なお、同アプリは、治験での有効性・安全性の確認を経て、4月に薬事承認されている。また、高血圧領域でのDTx(Digital Therapeutics:デジタル治療)の保険適用は世界初の事例になるという。
今後、医療機関における保険診療の中で、「CureApp HT×血圧測定×医師の専門的な指導」による三位一体の6カ月指導プログラムが処方・提供される予定だ。
高血圧治療ガイドライン2019では、「生活習慣の修正は、それ自身による降圧効果が期待されるだけでなく、高血圧予防の観点からも重要」であり、「また、降圧薬服用患者においても降圧作用の増強や投与量の減量につながることが期待できるため、生活習慣の修正は、全ての高血圧患者に対して指導すべきである。」と記されており、生活習慣の修正は高血圧症のすべての患者がまず取り組むべきものとされている。
しかし、自分自身で生活習慣の修正を継続することは難しいと感じている人が多く、診療時間内に受けることのできる指導にも限りがあるため、取り組めていないことが現状課題となっている。
また、生活習慣を定着化するためには一定の期間の指導介入が必要であるともいわれている。
そこで、6カ月指導プログラムにより医師と患者をつなぎ、今まで継続が難しいとされていた生活習慣の修正と定着化を促す。
CureApp HTを活用した同プログラムの保険算定価格は、患者負担3割の場合で 月額2490円(初回のみ2910円)になるという(実臨床においては、保険算定価格以外にも、初診・再診料などの他の診察費用が発生する)。
同社は、「アプリが病気を治療する効果を持つ」という新しい医療サービスを日本で初めて実現するために、病気を治療するアプリであるDTxの開発に取り組んでいる。2020年8月には、疾患向け治療用アプリとして、国内初となるニコチン依存症治療アプリの薬事承認を取得し、同年12月に保険適用を開始した。
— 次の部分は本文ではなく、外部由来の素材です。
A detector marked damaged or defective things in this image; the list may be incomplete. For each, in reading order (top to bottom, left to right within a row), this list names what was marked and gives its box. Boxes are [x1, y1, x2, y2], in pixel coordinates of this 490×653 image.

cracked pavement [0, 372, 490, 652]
この他にも、サワイグループホールディングスと共同開発中の「NASH(非アルコール性脂肪肝炎)」、国立病院機構久里浜医療センターとの共同研究となる「アルコール依存症」、第一三共と共同開発中の「がん」(乳がん患者向け治療アプリ)、ゆみのをパートナーに開発中の「慢性心不全」といったジャンルで事業を取り組んでいる。
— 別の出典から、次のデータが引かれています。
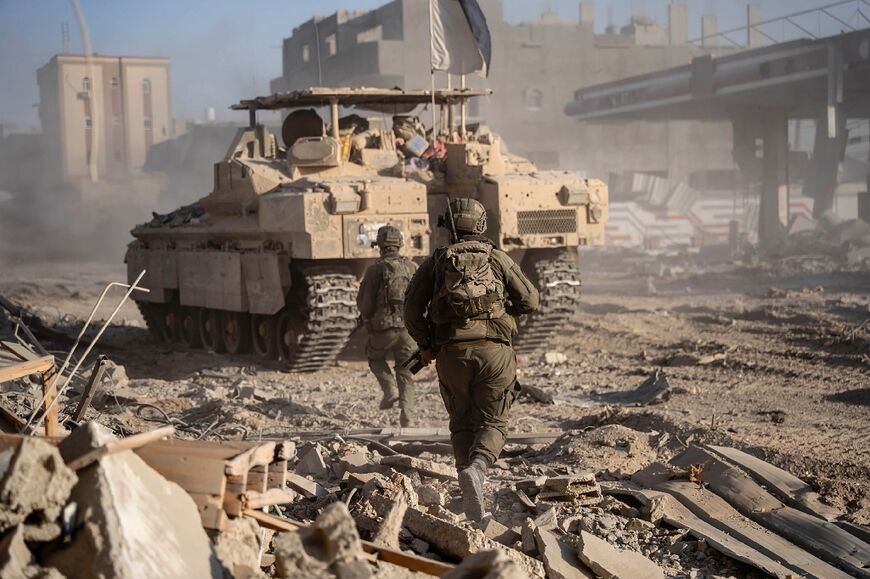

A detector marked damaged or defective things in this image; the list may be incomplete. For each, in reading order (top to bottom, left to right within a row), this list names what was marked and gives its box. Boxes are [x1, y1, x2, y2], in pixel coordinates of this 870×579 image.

broken concrete slab [0, 438, 76, 540]
broken concrete slab [46, 422, 225, 579]
broken concrete slab [384, 456, 460, 482]
broken concrete slab [215, 516, 266, 579]
broken concrete slab [274, 502, 372, 579]
broken concrete slab [404, 510, 540, 576]
broken concrete slab [442, 548, 532, 579]
broken concrete slab [536, 532, 596, 579]
broken concrete slab [580, 532, 660, 579]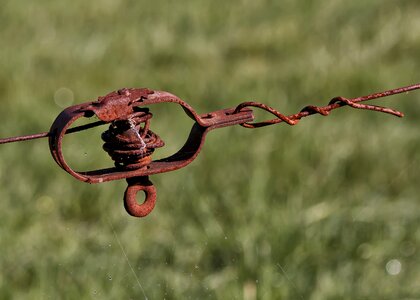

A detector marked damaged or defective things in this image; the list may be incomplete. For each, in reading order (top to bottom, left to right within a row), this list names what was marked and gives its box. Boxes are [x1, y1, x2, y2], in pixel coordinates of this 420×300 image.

rust texture on metal [0, 83, 418, 217]
rusted metal surface [0, 82, 418, 218]
rusty wire tensioner [0, 83, 420, 217]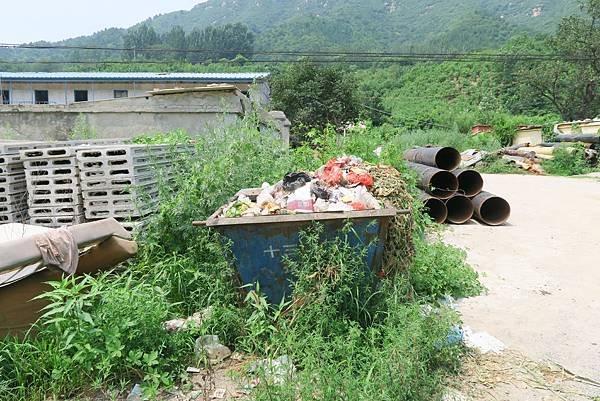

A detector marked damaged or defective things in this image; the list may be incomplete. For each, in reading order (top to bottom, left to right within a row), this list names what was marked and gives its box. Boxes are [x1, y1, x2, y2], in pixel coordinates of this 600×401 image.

rusty metal [406, 148, 462, 171]
rusty metal [406, 162, 458, 199]
rusty metal [452, 167, 486, 197]
rusty metal [420, 190, 448, 223]
rusty metal [446, 195, 474, 225]
rusty metal [474, 191, 510, 225]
加えて、これら医療機関向けDTxの開発で蓄積した知見を活用し、民間法人向けモバイルヘルスプログラムの「ascure卒煙プログラム」、「特定保健指導対応型ascure卒煙プログラム」を提供。既に、230を超える多くの企業・健康保険組合などが導入しているという。
さらに、日本で生み出したモデルをベースに「日本発のデジタルヘルスソリューション」として、グローバルにも展開していく方針だ。